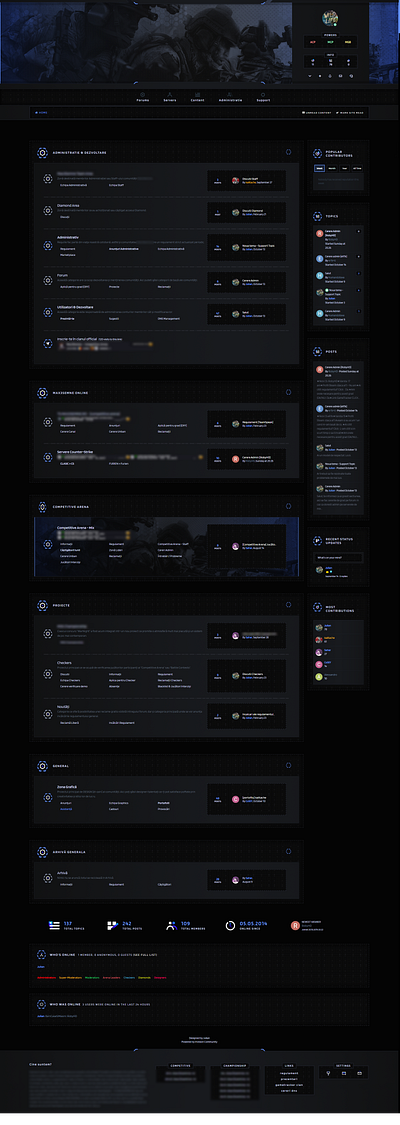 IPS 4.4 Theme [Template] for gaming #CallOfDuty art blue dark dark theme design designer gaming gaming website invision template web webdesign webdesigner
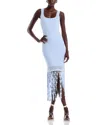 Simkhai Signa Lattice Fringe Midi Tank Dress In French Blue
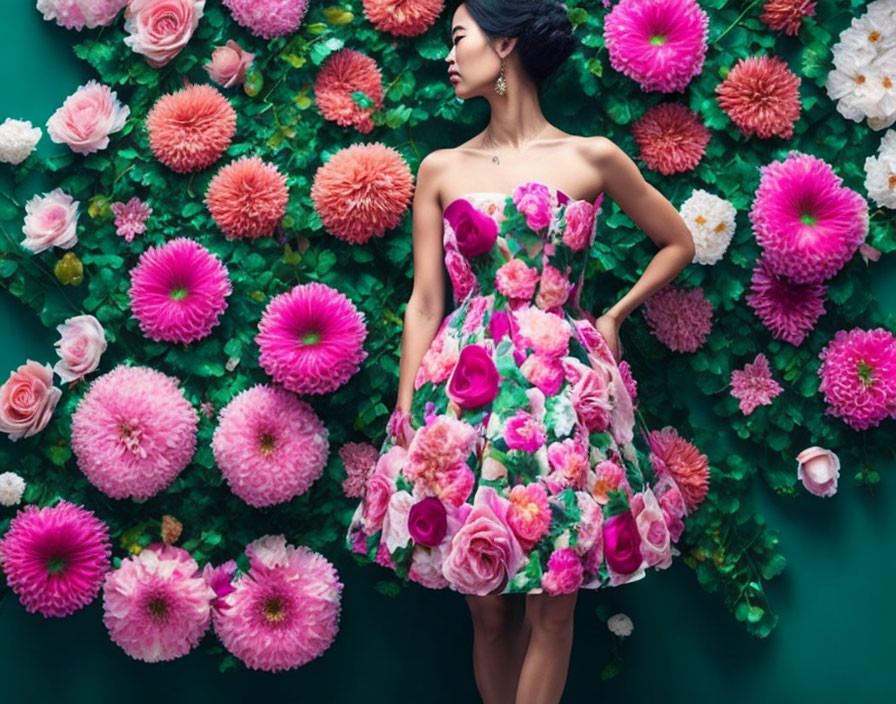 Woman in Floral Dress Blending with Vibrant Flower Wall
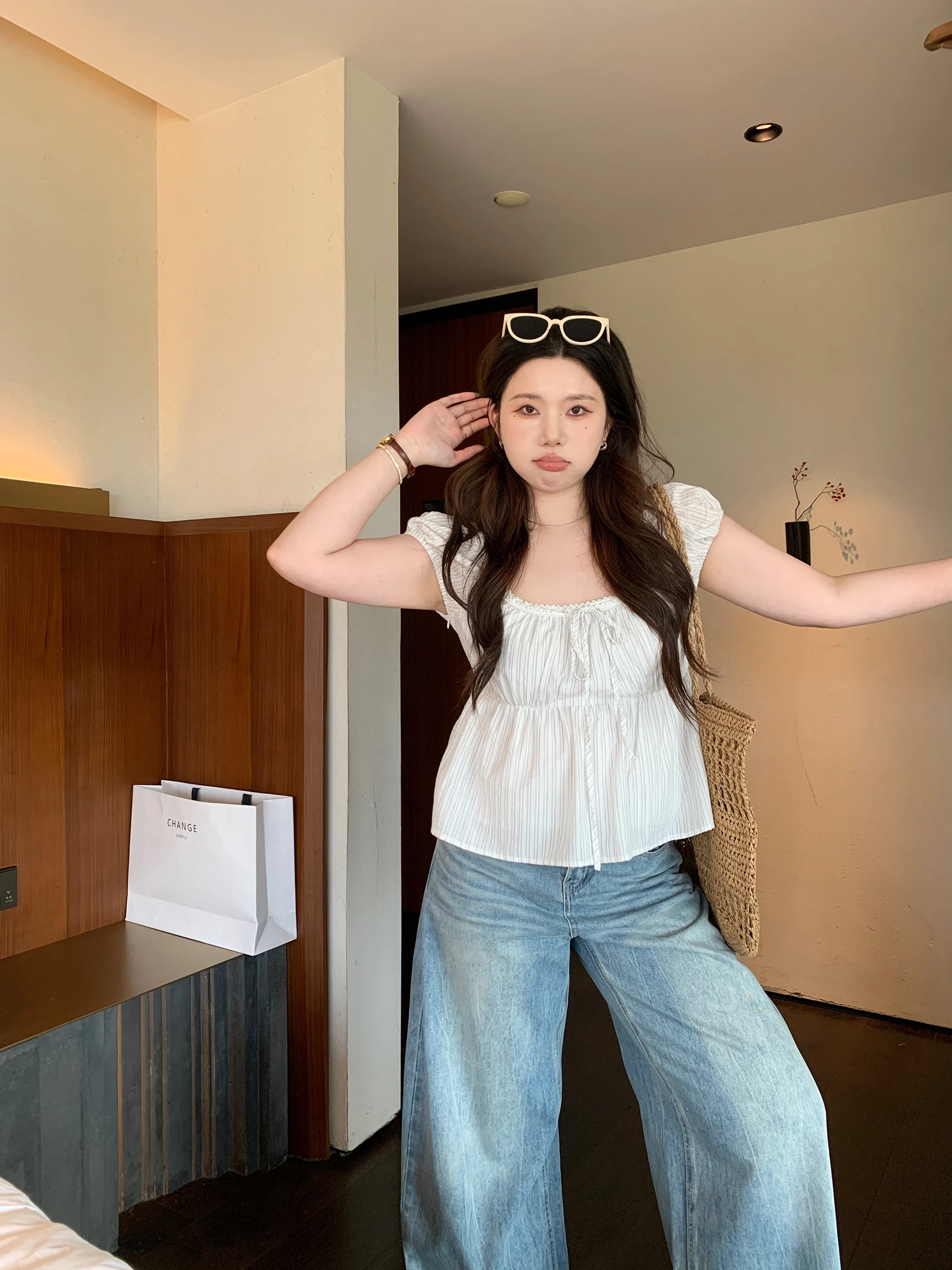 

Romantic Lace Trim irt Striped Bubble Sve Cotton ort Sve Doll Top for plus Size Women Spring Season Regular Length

+--

Your assignment –
Output nothing but an exact retyping of the material, pictures excluded.

Response to the task –
 IPS 4.4 Theme [Template] for gaming #CallOfDuty art blue dark dark theme design designer gaming gaming website invision template web webdesign webdesigner
 Simkhai Signa Lattice Fringe Midi Tank Dress In French Blue
 Woman in Floral Dress Blending with Vibrant Flower Wall

Romantic Lace Trim irt Striped Bubble Sve Cotton ort Sve Doll Top for plus Size Women Spring Season Regular Length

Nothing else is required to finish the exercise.